De-normalize table or use Joins in Entity Framework


I need to know what are the tradeoffs of using a denormalized table vs using two separate tables and accessing the data using joins. I am using Entity Framework 4.

In my case I have two tables Order and OrderCategoryDetails. I am thinking whether merging these two tables into one single table is better?

  • If denormalized, the added columns (OrderCategory and OrderSubcategory will be will be sparse (could be 100% empty. Will always be at least 50% empty)
  • On the other hand, if I keep it as it is, I am worried about frequent join operations being executed (i.e. whenever I am querying for a specific Order, I would need information from OrderCategoryDetails too.

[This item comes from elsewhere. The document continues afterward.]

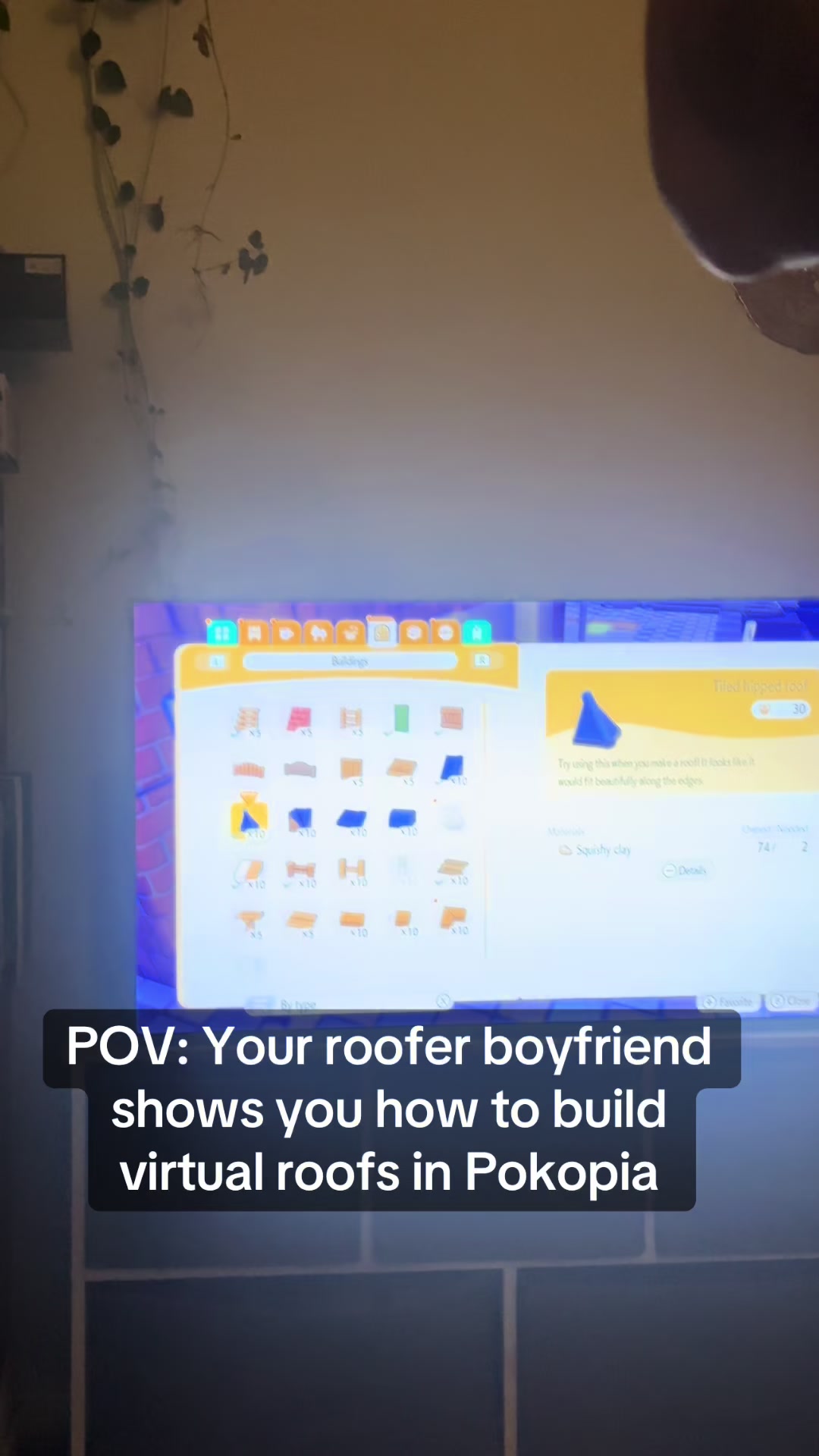 @Cloud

At present, I have normalized tables and use navigational properties:

  • To access Order Category information from OrderItem instance

    OrderItem orderItem = _context.OrderItems.Where(...).FirstOrDefault();
    if(2 == orderItem.SalesOrder.Category.OrderCategory){ ...}
    
  • To access Order Category information from Order instance

    Order order = _context.Orders.Where(...).FirstOrDefault();
    if(2 == order.Category.OrderCategory){ ...}
    

This is my schema:

Table : Order

  • ID (Primary Key)
  • Date
  • Amount
  • ItemCount
  • OrderCategoryInfo (FK - join with OrderCategoryDetails on OrderCategoryDetails.ID)

Table : OrderCategoryDetails

  • ID (Primary Key)
  • OrderCategory
  • OrderSubCategory

Table : OrderItem

  • OrderItem ID (Primary key)
  • Order ID (FK - Join with Order)

Database used: SQL Server 2008 R2


Solution

  • My general advice would be to ask yourself the following question; does every single row from the first table require a row from the second table? If the answer is yes then you might be better off de-normalising the data. If the answer is no you're probably better off keeping it as a seperate table.

    As long as you set up your foreign key association between the two tables you shouldn't concern yourself with performance implications of performing a join. It will only become an issue in pathological situations.

    Based upon your answers in the comments thread, I'd recommend that you should keep the tables separate and set up a foreign key relationship between the two.

    If you do get any performance problems further down the line, run a profiler on the problematic SQL and add any indexes that the profiler recommends, but only do this for queries that are used frequently. Indexes are great for speeding up queries but come at the cost of insert performance, so take care with them.